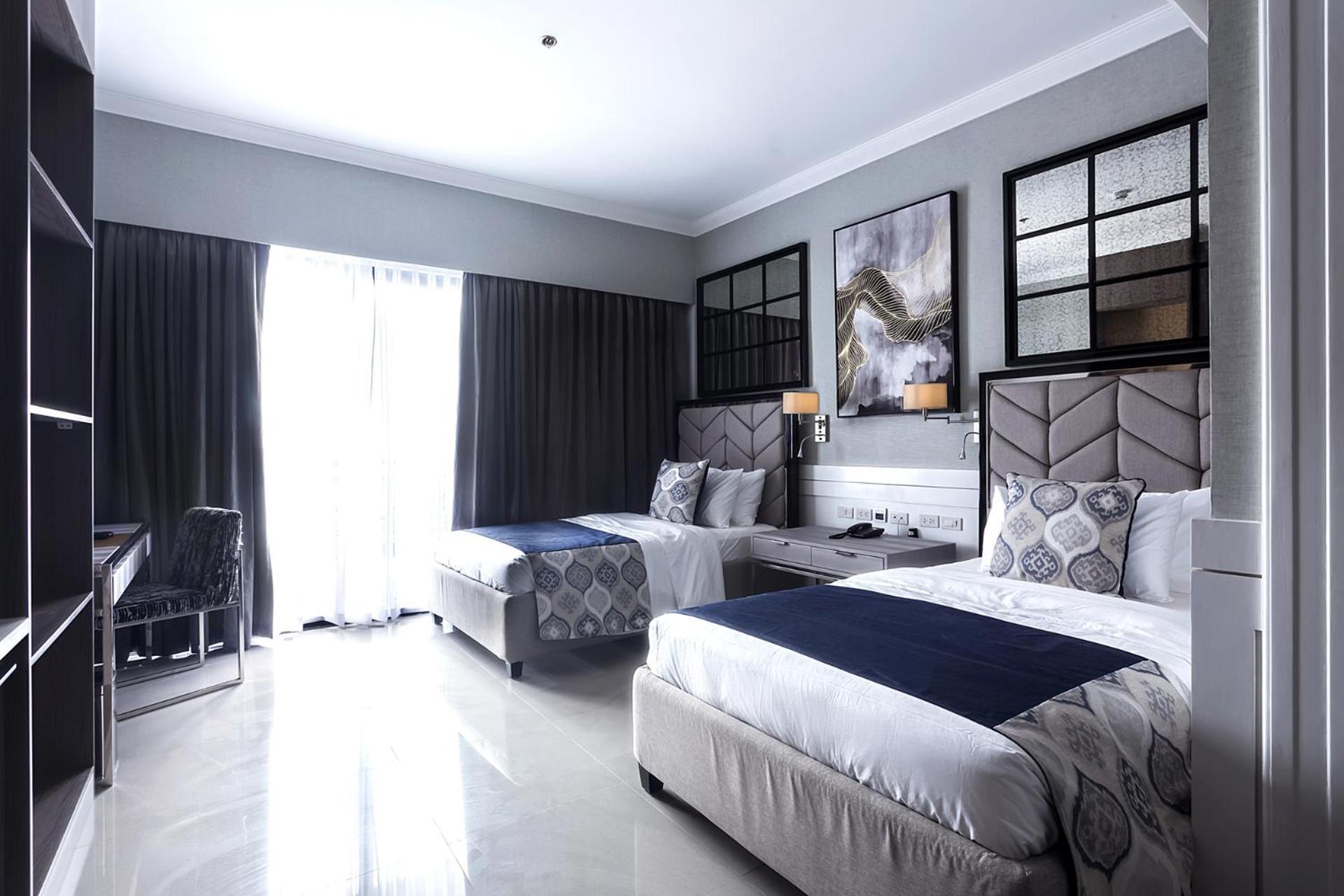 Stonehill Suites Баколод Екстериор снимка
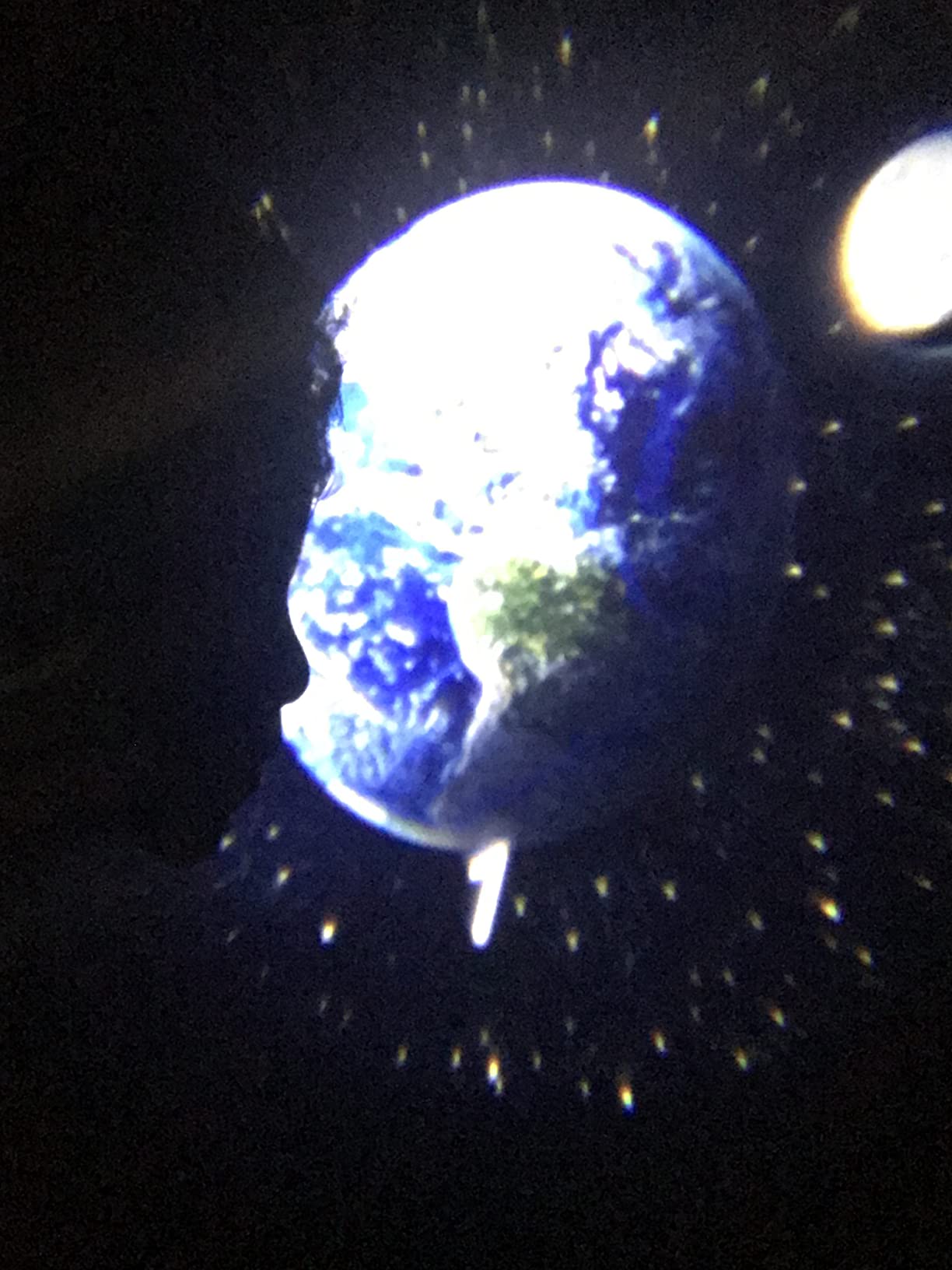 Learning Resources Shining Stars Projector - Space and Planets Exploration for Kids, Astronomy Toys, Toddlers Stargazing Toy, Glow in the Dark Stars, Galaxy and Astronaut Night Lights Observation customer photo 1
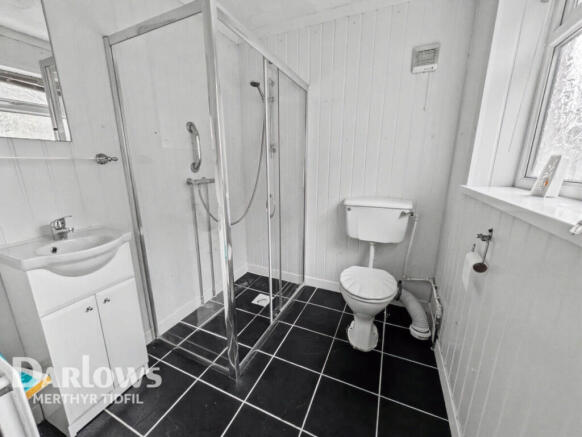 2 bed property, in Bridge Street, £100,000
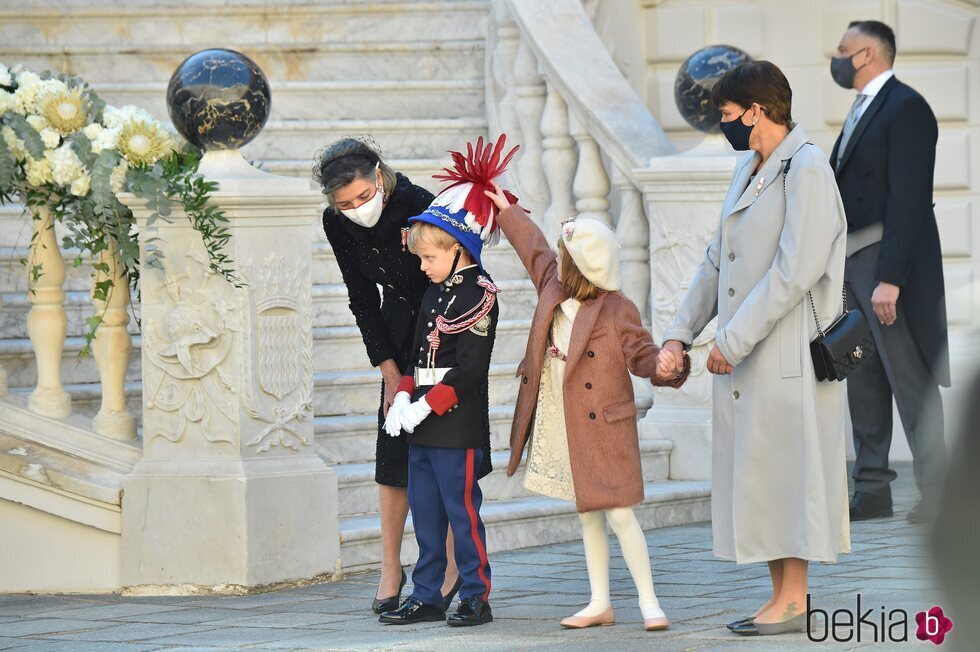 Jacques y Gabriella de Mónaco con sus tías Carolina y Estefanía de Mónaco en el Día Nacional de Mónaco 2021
* * * *
- [What is expected]:
With the pictures left out, return all the material above exactly.

- [Written reply]:
 Stonehill Suites Баколод Екстериор снимка
 Learning Resources Shining Stars Projector - Space and Planets Exploration for Kids, Astronomy Toys, Toddlers Stargazing Toy, Glow in the Dark Stars, Galaxy and Astronaut Night Lights Observation customer photo 1
 2 bed property, in Bridge Street, £100,000
 Jacques y Gabriella de Mónaco con sus tías Carolina y Estefanía de Mónaco en el Día Nacional de Mónaco 2021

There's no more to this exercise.